Short web captions:
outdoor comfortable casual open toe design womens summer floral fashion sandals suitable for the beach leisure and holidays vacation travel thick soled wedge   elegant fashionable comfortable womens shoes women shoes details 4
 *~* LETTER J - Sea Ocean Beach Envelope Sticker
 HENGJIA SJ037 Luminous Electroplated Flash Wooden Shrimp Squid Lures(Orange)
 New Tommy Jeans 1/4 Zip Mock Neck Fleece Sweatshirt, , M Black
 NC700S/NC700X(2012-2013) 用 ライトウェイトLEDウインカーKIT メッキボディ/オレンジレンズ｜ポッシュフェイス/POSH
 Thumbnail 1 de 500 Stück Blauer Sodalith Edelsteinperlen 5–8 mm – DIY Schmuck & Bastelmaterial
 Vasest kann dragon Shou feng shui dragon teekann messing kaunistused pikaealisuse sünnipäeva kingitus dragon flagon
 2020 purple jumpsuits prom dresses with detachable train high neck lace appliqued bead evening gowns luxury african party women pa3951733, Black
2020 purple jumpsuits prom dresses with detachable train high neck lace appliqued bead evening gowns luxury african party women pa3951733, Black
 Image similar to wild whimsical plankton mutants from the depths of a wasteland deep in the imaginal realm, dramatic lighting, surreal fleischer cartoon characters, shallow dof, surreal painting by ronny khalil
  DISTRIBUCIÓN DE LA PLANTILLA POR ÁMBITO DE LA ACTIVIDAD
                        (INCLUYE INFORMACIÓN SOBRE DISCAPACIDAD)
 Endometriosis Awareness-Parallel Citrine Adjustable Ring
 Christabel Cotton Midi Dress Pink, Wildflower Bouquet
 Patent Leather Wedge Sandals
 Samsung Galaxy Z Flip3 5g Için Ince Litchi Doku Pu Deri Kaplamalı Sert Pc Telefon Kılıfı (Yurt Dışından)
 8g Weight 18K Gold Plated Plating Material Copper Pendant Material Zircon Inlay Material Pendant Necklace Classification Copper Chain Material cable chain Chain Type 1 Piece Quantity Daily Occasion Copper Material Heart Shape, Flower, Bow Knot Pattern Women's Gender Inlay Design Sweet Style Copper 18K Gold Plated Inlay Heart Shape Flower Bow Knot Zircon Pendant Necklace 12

→ Your goal
Copy exactly the line that contains "Samsung Galaxy Z" and every line after it through the end of the entries, with nothing added.

→ Solution to this problem
 Samsung Galaxy Z Flip3 5g Için Ince Litchi Doku Pu Deri Kaplamalı Sert Pc Telefon Kılıfı (Yurt Dışından)
 8g Weight 18K Gold Plated Plating Material Copper Pendant Material Zircon Inlay Material Pendant Necklace Classification Copper Chain Material cable chain Chain Type 1 Piece Quantity Daily Occasion Copper Material Heart Shape, Flower, Bow Knot Pattern Women's Gender Inlay Design Sweet Style Copper 18K Gold Plated Inlay Heart Shape Flower Bow Knot Zircon Pendant Necklace 12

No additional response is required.